Through Silk Road, Richter was able to use bitcoin currency and an anonymous interface to execute drug deals. Shortly before Sept. 8, 2012, Richter imported a number of doses of 25I‑NBOMe from Europe. He then distributed some to Jesse Roberts, who in turn, distributed some to a juvenile male. The boy took four doses and died as a result of an overdose.
When a search warrant was served at Richter’s home, law enforcement officers recovered 2.61 grams of MDMA (Ecstasy), three digital scales, 3.81 grams of suspected hash oil, 42.25 grams of marijuana, 89 pink colored tabs of suspected 25I-NBOMe on paper, and seven additional tabs of suspected 25I-NBOMe in aluminum foil, as well as a handwritten list of drugs and their proper dosage units. Richter admitted to supplying the hits of 25I-NBOMe that killed the juvenile.
According to the plea agreement, Richter imported doses of 25I-NBOMe for the purpose of distributing that substance to others for human consumption and some of those doses ultimately were distributed to the juvenile in El Dorado County and lead to his overdose death.

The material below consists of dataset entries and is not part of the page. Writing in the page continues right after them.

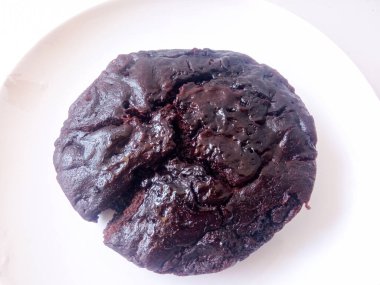 Beyaz arka planda taze browni parçaları. Lezzetli çikolatalı turta. Lezzetli ev yapımı siyah çikolatalı tatlı, browni..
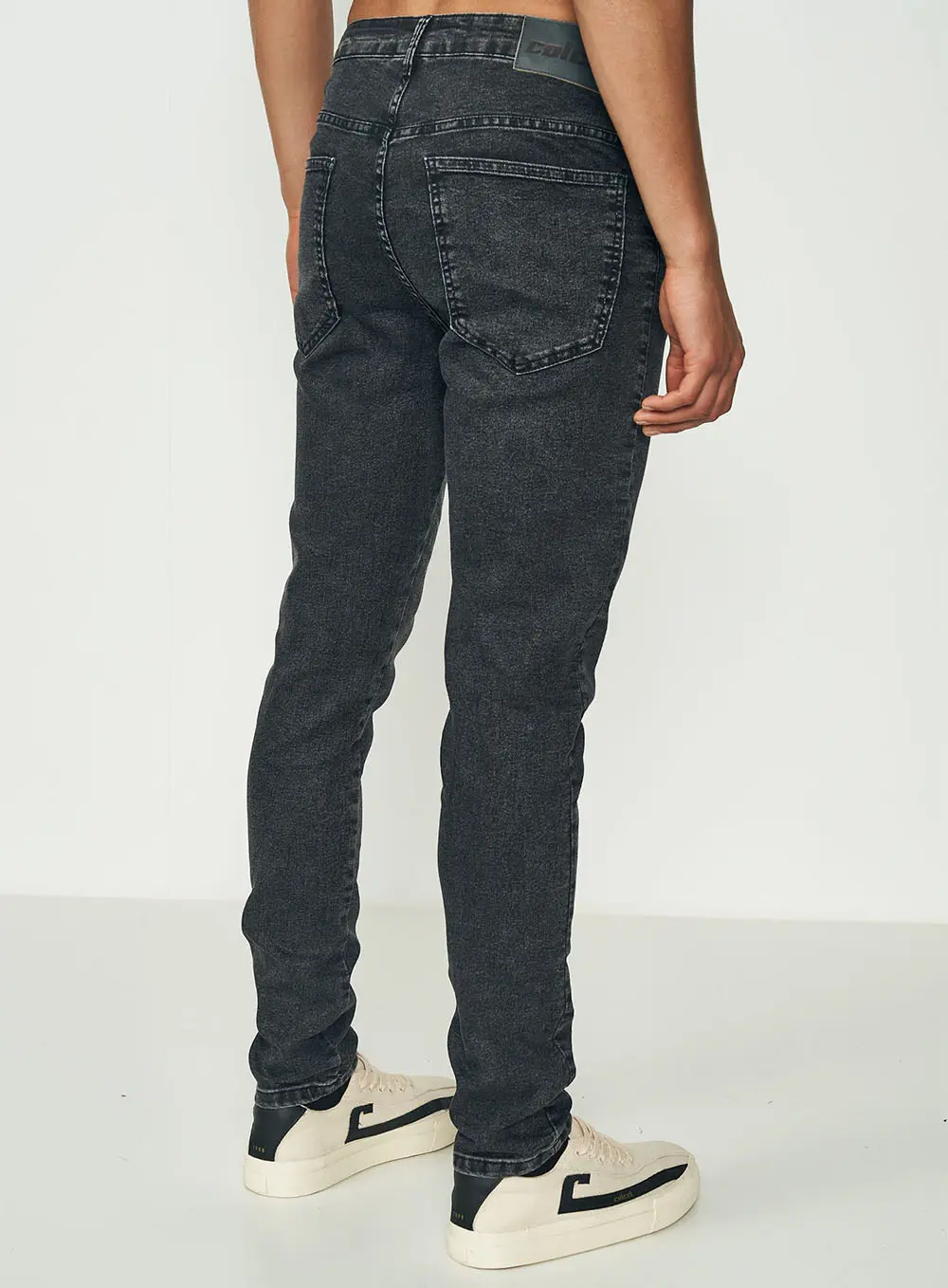 Calça Jeans Super Skinny Indigo Preto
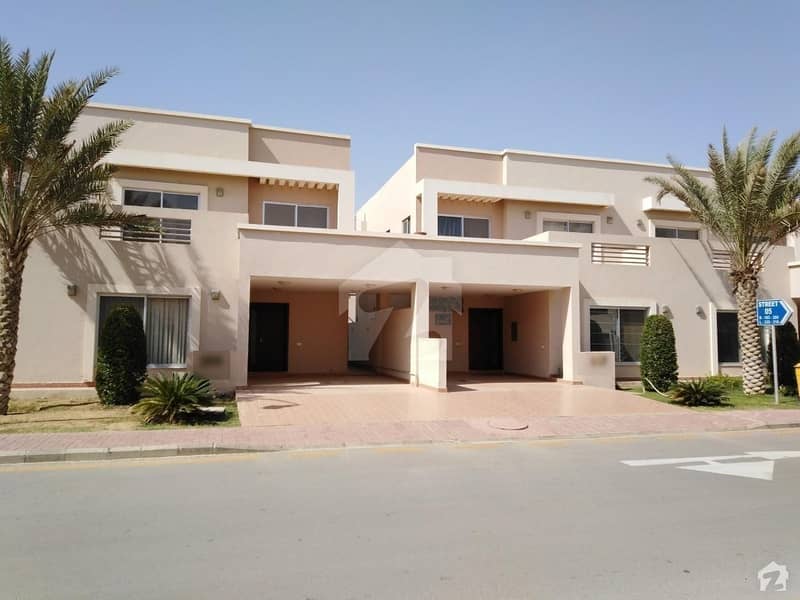 P - 11a 200sq Yds Good Location Villa Is Available For Sale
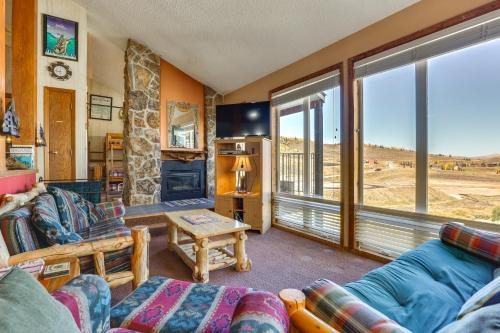 Silvercreek Apartamento | Walk to Ski Lift and Hiking Granby Ranch Condo!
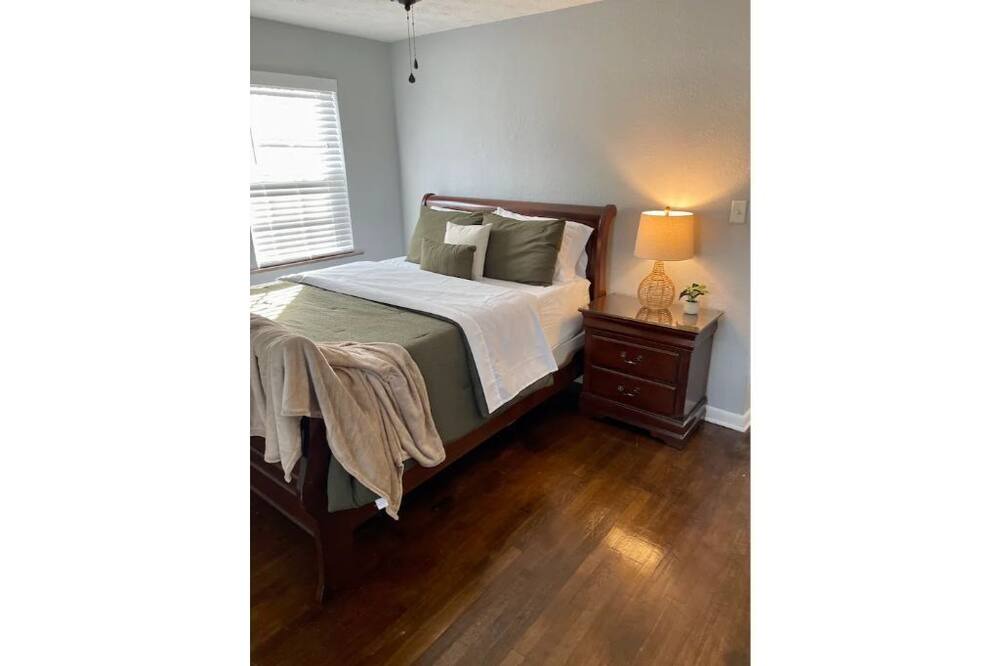 Photo of Bedroom in Huntington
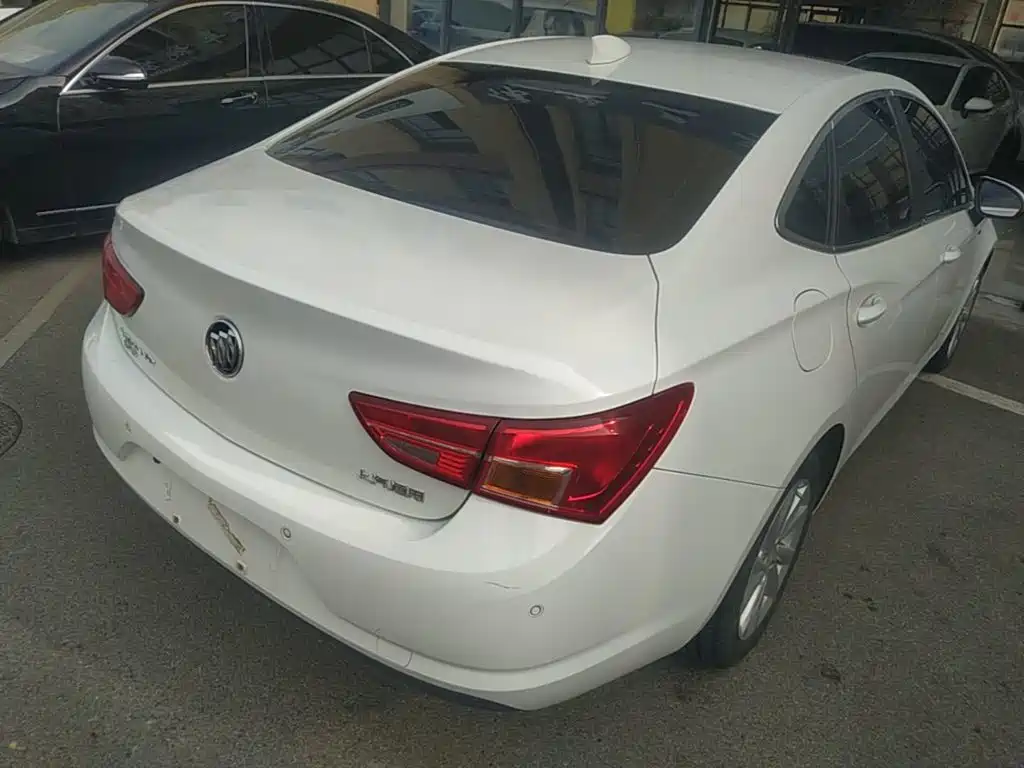 Buick Verano — миниатюра 7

The El Dorado County District Attorney’s Office prosecuted Roberts. He was convicted of involuntary manslaughter on March 3, 2017, and sentenced to six years in prison.
This case is the product of an investigation by the Drug Enforcement Administration, the El Dorado County Sheriff’s Office, and the El Dorado County District Attorney’s Office as part of an Organized Crime Drug Enforcement Task Force. The OCDETF Program was established in 1982 to conduct comprehensive, multilevel attacks on major drug trafficking and money laundering organizations. The principal mission of the OCDETF program is to identify, disrupt, and dismantle the most serious drug trafficking and money laundering organizations and those primarily responsible for the nation’s drug supply. Assistant U.S. Attorneys Jason Hitt and Paul Hemesath are prosecuting the case.
Richter is scheduled to be sentenced by U.S. District Judge Kimberly J. Mueller on April 27. Richter faces a maximum statutory penalty of life in prison, a mandatory minimum sentence of 20 years in prison, and a $10 million fine. The actual sentence, however, will be determined at the discretion of the court after consideration of any applicable statutory factors and the Federal Sentencing Guidelines, which take into account a number of variables.